Work required >>
Please return the listing below word for word, minus its pictures.

Provided data >>

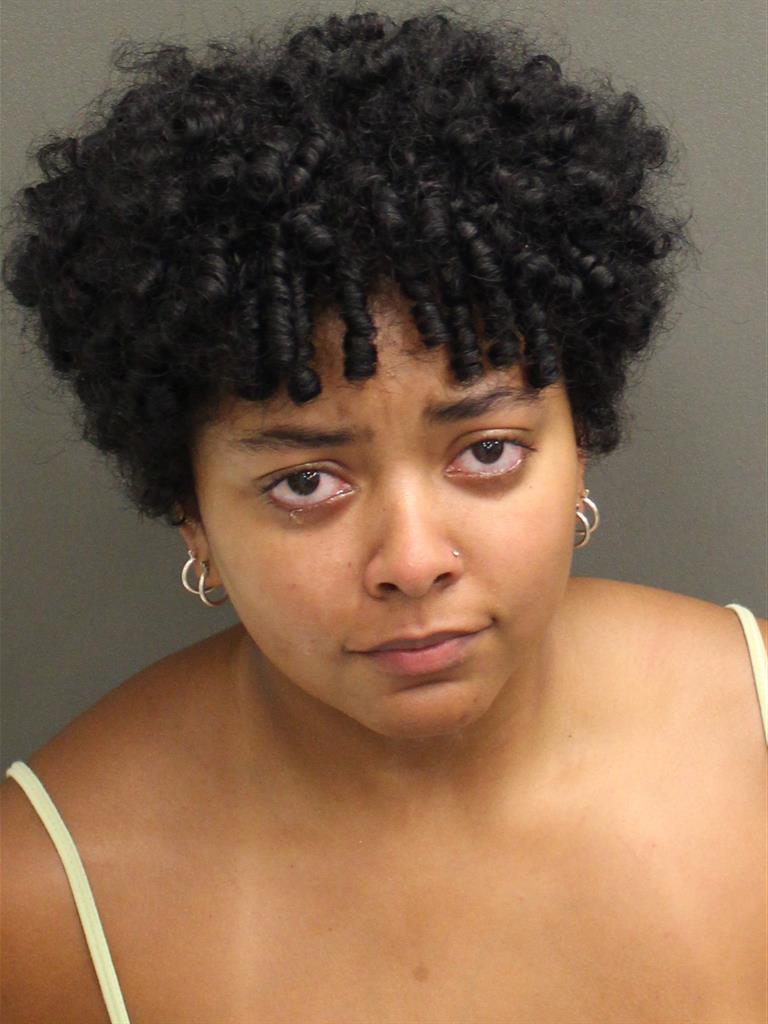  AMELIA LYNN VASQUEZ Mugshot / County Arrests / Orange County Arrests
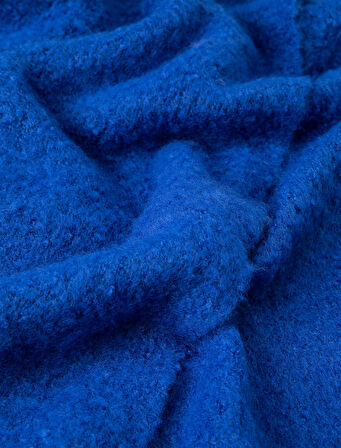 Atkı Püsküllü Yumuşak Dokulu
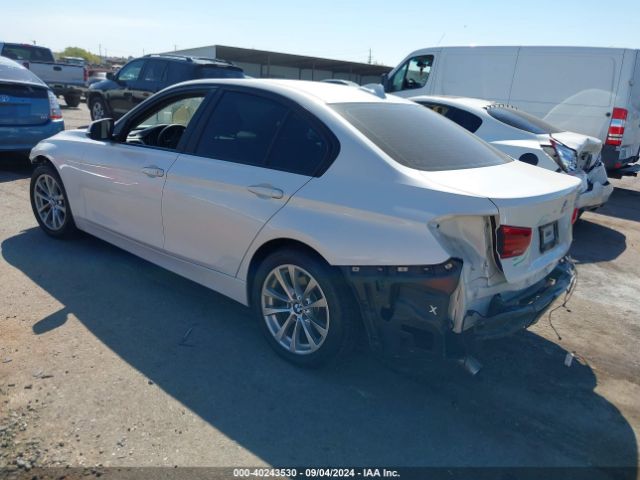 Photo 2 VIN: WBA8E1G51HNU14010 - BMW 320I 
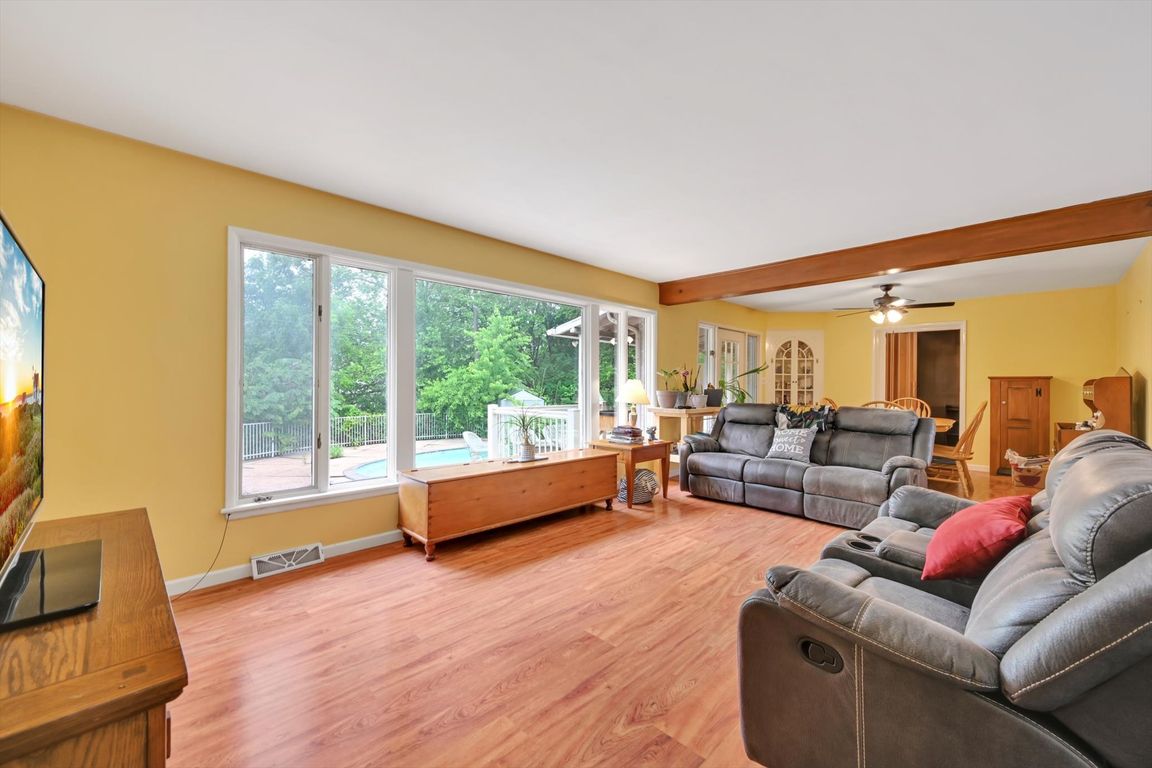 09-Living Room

Result for this exercise >>
  AMELIA LYNN VASQUEZ Mugshot / County Arrests / Orange County Arrests
 Atkı Püsküllü Yumuşak Dokulu
 Photo 2 VIN: WBA8E1G51HNU14010 - BMW 320I 
 09-Living Room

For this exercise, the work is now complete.